[Opening Records supplied section]

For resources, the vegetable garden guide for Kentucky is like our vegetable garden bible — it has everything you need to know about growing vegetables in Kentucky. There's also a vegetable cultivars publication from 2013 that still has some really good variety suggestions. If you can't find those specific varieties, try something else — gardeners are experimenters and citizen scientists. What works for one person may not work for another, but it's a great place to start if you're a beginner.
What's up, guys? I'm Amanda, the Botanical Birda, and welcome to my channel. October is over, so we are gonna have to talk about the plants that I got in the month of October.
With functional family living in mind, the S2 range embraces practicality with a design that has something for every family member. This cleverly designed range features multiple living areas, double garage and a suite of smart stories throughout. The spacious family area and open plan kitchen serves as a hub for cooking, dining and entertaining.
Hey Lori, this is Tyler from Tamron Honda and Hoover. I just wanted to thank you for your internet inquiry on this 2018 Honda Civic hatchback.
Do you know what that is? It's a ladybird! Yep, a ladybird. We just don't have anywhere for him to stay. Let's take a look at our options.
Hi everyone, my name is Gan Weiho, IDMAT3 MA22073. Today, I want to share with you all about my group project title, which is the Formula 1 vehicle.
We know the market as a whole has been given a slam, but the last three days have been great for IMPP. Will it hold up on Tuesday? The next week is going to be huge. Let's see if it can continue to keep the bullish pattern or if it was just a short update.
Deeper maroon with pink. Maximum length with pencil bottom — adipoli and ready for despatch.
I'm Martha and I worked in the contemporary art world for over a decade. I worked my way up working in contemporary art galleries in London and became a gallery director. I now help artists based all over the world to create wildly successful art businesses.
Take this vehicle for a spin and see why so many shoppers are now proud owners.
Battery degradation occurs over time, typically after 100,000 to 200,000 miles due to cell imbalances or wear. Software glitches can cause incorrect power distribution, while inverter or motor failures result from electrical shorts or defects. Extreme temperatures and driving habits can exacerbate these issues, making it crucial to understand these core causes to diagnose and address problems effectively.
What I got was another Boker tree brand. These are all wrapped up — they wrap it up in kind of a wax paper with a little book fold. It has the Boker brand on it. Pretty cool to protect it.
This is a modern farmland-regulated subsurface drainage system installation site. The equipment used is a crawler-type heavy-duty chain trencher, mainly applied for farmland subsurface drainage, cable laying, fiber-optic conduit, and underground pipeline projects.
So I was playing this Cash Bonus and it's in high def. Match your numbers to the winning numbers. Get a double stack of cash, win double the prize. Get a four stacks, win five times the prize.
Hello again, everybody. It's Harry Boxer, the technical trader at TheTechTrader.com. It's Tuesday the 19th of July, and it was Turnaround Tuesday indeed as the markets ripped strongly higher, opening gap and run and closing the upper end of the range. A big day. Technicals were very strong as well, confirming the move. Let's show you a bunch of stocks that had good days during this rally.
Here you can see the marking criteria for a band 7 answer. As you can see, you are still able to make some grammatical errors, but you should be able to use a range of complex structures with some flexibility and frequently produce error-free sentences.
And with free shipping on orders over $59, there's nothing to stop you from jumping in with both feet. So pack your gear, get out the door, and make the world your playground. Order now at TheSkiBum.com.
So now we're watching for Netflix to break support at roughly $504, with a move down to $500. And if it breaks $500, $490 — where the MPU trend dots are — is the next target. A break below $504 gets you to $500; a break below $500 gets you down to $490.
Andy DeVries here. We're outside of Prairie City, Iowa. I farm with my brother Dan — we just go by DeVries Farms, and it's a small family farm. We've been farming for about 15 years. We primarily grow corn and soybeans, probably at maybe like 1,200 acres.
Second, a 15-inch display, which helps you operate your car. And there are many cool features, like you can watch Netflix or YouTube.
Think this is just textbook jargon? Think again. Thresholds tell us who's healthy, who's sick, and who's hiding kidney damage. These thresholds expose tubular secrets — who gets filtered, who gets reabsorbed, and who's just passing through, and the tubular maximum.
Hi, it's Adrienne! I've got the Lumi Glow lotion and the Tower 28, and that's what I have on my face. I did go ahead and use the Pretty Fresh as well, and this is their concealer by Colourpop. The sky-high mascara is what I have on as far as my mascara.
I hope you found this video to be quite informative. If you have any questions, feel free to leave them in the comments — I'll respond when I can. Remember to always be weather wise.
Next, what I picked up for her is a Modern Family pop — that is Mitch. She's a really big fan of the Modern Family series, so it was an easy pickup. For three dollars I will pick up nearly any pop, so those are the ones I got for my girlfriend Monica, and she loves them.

[Closing Records supplied section]

**About this exercise**
Transcribe the lines from the first line of the records through the line that contains "With functional family", both included, and add nothing else.

**Exercise answer**
For resources, the vegetable garden guide for Kentucky is like our vegetable garden bible — it has everything you need to know about growing vegetables in Kentucky. There's also a vegetable cultivars publication from 2013 that still has some really good variety suggestions. If you can't find those specific varieties, try something else — gardeners are experimenters and citizen scientists. What works for one person may not work for another, but it's a great place to start if you're a beginner.
What's up, guys? I'm Amanda, the Botanical Birda, and welcome to my channel. October is over, so we are gonna have to talk about the plants that I got in the month of October.
With functional family living in mind, the S2 range embraces practicality with a design that has something for every family member. This cleverly designed range features multiple living areas, double garage and a suite of smart stories throughout. The spacious family area and open plan kitchen serves as a hub for cooking, dining and entertaining.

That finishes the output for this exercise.